(Source data)
::::
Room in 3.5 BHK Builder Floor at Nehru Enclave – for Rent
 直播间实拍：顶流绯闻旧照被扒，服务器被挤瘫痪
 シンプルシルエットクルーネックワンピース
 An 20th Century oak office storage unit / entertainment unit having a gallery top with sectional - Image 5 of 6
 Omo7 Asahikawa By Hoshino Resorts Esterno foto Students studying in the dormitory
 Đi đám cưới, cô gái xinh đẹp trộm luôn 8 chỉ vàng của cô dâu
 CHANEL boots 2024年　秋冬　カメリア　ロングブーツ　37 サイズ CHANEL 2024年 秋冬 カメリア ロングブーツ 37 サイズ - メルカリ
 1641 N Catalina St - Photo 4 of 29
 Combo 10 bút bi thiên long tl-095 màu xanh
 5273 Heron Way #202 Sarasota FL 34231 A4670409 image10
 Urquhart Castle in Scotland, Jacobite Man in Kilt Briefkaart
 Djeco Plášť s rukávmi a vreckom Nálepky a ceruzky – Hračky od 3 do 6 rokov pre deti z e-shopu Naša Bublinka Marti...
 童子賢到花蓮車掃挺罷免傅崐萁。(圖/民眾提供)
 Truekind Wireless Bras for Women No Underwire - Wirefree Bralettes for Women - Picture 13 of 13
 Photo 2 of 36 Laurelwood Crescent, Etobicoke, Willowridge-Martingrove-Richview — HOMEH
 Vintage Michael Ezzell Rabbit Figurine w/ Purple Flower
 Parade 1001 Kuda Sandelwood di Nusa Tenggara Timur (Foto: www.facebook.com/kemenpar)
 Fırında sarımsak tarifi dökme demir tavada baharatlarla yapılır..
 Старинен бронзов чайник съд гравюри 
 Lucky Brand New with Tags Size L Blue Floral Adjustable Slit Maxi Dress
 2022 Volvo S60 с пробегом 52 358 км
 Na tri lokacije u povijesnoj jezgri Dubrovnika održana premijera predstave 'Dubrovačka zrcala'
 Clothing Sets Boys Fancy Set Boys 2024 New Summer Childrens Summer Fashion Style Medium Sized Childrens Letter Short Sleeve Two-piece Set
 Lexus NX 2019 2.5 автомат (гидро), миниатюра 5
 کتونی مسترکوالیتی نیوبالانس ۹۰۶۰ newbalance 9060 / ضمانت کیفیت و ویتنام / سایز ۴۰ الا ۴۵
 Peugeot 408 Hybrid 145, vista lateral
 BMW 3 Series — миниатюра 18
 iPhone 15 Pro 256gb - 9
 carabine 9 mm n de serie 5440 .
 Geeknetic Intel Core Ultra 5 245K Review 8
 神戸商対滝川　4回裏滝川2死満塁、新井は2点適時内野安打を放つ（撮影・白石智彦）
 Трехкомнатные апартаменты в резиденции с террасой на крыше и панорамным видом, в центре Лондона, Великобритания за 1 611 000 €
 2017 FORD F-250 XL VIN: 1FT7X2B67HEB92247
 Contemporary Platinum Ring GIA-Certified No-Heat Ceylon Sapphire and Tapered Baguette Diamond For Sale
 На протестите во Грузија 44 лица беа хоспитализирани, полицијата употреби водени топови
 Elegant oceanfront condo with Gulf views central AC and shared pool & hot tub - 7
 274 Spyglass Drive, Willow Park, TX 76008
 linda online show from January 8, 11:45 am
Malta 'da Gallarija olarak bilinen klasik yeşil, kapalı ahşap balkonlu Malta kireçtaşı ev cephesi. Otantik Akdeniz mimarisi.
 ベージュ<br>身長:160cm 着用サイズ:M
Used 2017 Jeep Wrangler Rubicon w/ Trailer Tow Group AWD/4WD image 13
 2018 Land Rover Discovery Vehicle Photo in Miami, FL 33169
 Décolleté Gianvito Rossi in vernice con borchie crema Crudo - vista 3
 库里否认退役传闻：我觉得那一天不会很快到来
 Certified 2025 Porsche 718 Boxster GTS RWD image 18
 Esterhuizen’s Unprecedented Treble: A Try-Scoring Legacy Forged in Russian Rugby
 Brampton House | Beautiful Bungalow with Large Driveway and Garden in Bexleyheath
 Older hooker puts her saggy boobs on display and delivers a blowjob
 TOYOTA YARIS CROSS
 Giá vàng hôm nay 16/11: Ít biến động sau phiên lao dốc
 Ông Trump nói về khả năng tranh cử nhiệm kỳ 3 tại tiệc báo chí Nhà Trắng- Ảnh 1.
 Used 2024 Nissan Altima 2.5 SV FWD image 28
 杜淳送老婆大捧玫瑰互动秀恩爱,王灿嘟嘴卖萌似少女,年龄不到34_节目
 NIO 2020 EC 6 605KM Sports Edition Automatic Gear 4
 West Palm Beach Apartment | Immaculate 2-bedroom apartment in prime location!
::::
What to produce: Return a word-for-word copy of the lines above from the one holding "Fırında sarımsak tarifi" through the one holding "carabine 9 mm n de serie 5440 .", with both of them included and nothing besides.

Answer below:
 Fırında sarımsak tarifi dökme demir tavada baharatlarla yapılır..
 Старинен бронзов чайник съд гравюри 
 Lucky Brand New with Tags Size L Blue Floral Adjustable Slit Maxi Dress
 2022 Volvo S60 с пробегом 52 358 км
 Na tri lokacije u povijesnoj jezgri Dubrovnika održana premijera predstave 'Dubrovačka zrcala'
 Clothing Sets Boys Fancy Set Boys 2024 New Summer Childrens Summer Fashion Style Medium Sized Childrens Letter Short Sleeve Two-piece Set
 Lexus NX 2019 2.5 автомат (гидро), миниатюра 5
 کتونی مسترکوالیتی نیوبالانس ۹۰۶۰ newbalance 9060 / ضمانت کیفیت و ویتنام / سایز ۴۰ الا ۴۵
 Peugeot 408 Hybrid 145, vista lateral
 BMW 3 Series — миниатюра 18
 iPhone 15 Pro 256gb - 9
 carabine 9 mm n de serie 5440 .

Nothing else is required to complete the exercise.